INXS gave us the words: “You’re one of my kind”. “My kind” is a difficult turn of phrase. Questions arise over genealogy, country of origin, religion, sex, income levels, education, and the list just keeps going. Defining “My kind” is sort of a spectacularly onerous task when every human being is created unique.
Diversity is a key word in many corporate environments today, but there is still the search for the right “kind” in certain levels and circles of business. The search for our similarities is the search for the reasons we are together. Each man and woman, according to his or her purpose (and not qualities) can bond together with others in common ground. This does not make us the same, and this does not change our differences. Purpose holds the promise of achievements and changes brought about by the work employed. If “My kind” did not refer to any other commonality except the common purposes found in our hopes, dreams, goals, and work together, this phrase would carry forth an eloquent statement of humanity.
I do not hope to ever find “My kind”. Instead, I celebrate the differences in others and myself and accept that I will not always be comfortable with differences. In my neighborhood there is a bagpipe player, a motorcycle rider, and someone that works in their garage with a band saw. I have nothing in common with any of these traits, but we all do live in the same neighborhood environment.
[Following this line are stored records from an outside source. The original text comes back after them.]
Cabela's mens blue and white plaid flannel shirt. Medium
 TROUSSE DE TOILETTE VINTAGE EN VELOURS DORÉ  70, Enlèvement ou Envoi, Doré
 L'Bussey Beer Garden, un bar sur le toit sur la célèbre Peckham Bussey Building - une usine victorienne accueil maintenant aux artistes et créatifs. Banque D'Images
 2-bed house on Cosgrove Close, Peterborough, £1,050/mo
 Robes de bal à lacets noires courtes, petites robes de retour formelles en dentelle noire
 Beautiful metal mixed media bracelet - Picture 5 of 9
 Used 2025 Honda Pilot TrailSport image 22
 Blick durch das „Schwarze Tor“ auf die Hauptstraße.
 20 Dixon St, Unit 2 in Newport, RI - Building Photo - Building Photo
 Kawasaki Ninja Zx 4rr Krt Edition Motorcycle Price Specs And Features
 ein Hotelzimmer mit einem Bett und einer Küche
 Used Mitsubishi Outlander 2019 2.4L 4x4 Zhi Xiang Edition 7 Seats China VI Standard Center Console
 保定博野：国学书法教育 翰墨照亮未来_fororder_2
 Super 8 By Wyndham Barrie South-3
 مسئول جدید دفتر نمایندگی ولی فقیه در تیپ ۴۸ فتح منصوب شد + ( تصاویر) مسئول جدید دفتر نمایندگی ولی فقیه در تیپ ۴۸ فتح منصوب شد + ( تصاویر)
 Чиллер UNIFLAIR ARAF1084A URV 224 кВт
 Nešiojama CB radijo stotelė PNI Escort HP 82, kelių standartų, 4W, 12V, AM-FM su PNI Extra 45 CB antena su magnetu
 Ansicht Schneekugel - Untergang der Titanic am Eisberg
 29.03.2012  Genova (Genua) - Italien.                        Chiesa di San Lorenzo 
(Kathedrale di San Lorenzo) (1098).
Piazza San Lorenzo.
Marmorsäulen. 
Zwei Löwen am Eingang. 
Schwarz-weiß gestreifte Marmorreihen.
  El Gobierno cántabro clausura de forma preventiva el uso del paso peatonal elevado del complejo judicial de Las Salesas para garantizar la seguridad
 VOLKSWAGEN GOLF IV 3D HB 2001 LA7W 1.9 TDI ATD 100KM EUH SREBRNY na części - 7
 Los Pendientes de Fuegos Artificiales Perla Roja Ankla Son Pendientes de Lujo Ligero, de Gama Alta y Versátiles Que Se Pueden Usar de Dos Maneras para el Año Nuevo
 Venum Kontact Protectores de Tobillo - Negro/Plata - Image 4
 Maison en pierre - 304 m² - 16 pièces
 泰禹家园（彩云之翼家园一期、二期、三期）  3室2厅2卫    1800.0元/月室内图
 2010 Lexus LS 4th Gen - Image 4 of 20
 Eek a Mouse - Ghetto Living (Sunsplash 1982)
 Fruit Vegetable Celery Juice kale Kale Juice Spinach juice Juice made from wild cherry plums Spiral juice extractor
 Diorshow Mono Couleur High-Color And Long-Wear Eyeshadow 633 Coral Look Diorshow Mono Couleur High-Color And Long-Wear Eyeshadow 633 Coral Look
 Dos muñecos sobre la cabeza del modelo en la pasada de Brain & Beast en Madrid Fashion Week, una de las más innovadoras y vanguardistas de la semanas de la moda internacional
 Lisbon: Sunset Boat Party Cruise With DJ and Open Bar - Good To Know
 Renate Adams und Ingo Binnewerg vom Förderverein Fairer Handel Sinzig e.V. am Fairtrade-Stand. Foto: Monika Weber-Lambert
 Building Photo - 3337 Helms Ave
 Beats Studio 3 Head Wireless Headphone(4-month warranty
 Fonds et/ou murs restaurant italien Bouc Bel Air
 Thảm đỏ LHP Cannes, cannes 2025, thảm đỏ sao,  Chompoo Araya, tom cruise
At times the sounds from all of these ring through the peaceful quiet of a calm housing development and this lets me know that there are others here with their own preferences standing their ground for the right to their own past-times.
The rules of society should not be made to exclude or include others. Our societal rules are meant to allow those who choose to be together to come together and to protect our environments so that everyone may co-exist regardless of “My kind”, “Your kind”, or “Our kind”. We may not all be the same, but we agree to certain rules (such as the time of day and level that sounds in the neighborhood are best kept at).
Some would say “My kind” obeys the agreeable rules; others would claim that “My kind” always breaks rules. The idea of “My kind” interferes with autonomy (the capacity for self-determination) and autonomy is the essence of the reasons for societal rules and protections. A “group think” starts to happen around our rules, over “for” and “against”, and polarization starts to interfere with the capability of maintaining an environment that will support the survival of diversity. “My kind” likes the bagpipes, does not mind motorcycle noises done politely and does not care so much to hear the band saw going. Putting up with a little irritation at sounds once in awhile leaves me in a neighborhood with “My kind” of house and “My kind” of good neighbors- tradeoffs that I am happy to make.